The establishment isn’t what it used to be, and neither is the anti-establishment.
Readers of a certain age will recall an era when the establishment was widely understood to be the squares. The establishment was why you couldn’t smoke dope in class or say dirty words on television, and why you had to get married and work for a living. The anti-establishment was easily recognized by its long hair, tie-dyed apparel, and screeching guitar music.
Now the anti-establishment is former Speaker of the House Newt Gingrich and all the hard-working married people who support his presidential campaign, which raises the question of who is the establishment.

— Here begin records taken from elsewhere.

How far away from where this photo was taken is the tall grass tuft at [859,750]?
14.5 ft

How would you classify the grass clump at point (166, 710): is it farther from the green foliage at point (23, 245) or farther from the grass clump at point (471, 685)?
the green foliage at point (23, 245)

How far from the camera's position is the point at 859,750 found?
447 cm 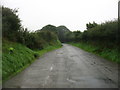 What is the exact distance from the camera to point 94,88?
602 cm

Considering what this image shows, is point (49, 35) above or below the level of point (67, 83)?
above

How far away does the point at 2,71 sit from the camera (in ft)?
26.1

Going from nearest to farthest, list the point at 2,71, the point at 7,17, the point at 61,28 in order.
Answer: the point at 2,71 → the point at 7,17 → the point at 61,28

Gingrich supporters are quite right to think that they’re not the establishment, square though they may be. At some point since the baby boom a new establishment was established, and while it hasn’t yet achieved classroom dope smoking there are dirty words aplenty on the television, there is no longer any societal pressure to marry, working for a living is increasingly optional, and all manner of mores have changed in ways that are not to the liking of a Gingrich supporter. The folks found at “Occupy” protests share the same tonsorial, sartorial and musical tastes of an earlier anti-establishment generation, but they’re protesting on behalf of the same establishment that a Gingrich supporter rails against.

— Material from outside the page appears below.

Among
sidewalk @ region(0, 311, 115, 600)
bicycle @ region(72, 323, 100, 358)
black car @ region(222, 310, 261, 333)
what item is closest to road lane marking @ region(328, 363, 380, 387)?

The Gingrich supporters believe they’re also standing in opposition to a Republican establishment, however, and in that case it’s less clear who they’re talking about. If they mean the Republicans who have held office or worked in other capacities in Washington, D.C., their own candidate is a longtime congressman, former Speaker of the House, and has had many dealings with the federal government. If they mean Republicans who sometimes stray from conservative orthodoxy, their own candidate has committed heresies on such important issues as health care reform, global warming and Medicare reform. If they mean anyone who offers criticisms of their candidate, the establishment would include such stalwart conservatives and anti-establishmentarians as Andrew Brietbart, Ann Coulter and Matt Drudge.